Immobilization of horseradish peroxidase (HRP) enzyme on Silica nanoparticles

Immobilized enzymes have several advantages over soluble enzymes such as retention and repeating of their catalytic activities. The stabilization of enzyme activity was the most important character for its immobilizing. The immobilized enzymes are useful in diagnostics, bio-affinity chromatography, and biosensor applications. In the present study, horseradish peroxidase (HRP) was immobilized on silica nanoparticles. For achieving this purpose, firstly, silica nanoparticles were synthesized. Then, the nanoparticles were conjugated with HRP (1 µL, 1000 µg mL-1) using 1-(3-Dimethylaminopropyl)-3-ethylcarbodiimide hydrochloride (EDC, 0.5 mg mL-1 ) and N-hydroxysuccinimide (NHS, 0.5 mg mL-1) at 25 ◦C for 12h.
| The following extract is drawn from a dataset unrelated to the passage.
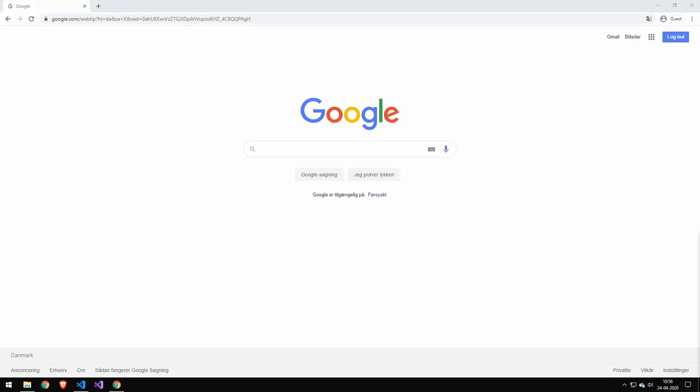So today we're going to be doing problem solving and we're going to be using Google as a research tool. And I also want to talk quickly about a problem solving model, which is that you identify, you define, you explore, which is Google,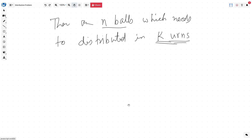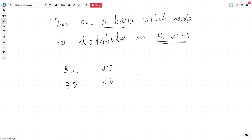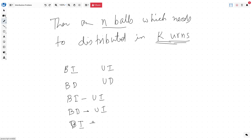The balls here could be identical or all distinct. Similarly, the urns or boxes in which the balls need to go could be identical or distinct. From these four conditions we can create four kinds of problems: balls identical and urns identical; balls distinct and urns identical; balls identical and urns distinct; and finally, balls distinct and urns distinct.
The silica-HRP complex was rinsed three times with H2O. Afterwards, the silica-HRP complex structure was screened by SEM and DLS. The activity of silica-HRP complex was measured by adding tetramethylbenzidine (TME) to mixture reaction. The reaction was stopped with adding 50 µL HCl (10 mM) and the result was evaluated by UV-Vis spectrophotometry. The result revealed that the structure and size of silica nanoparticles were spherical and 121-172 nm, respectively. Also, the stability and activity of enzyme were increased up to 1.7 and 1.2 times, respectively. Overall, silicon nanoparticles could be used as immobilizing agents in order to enhance the stability and activity of the enzyme.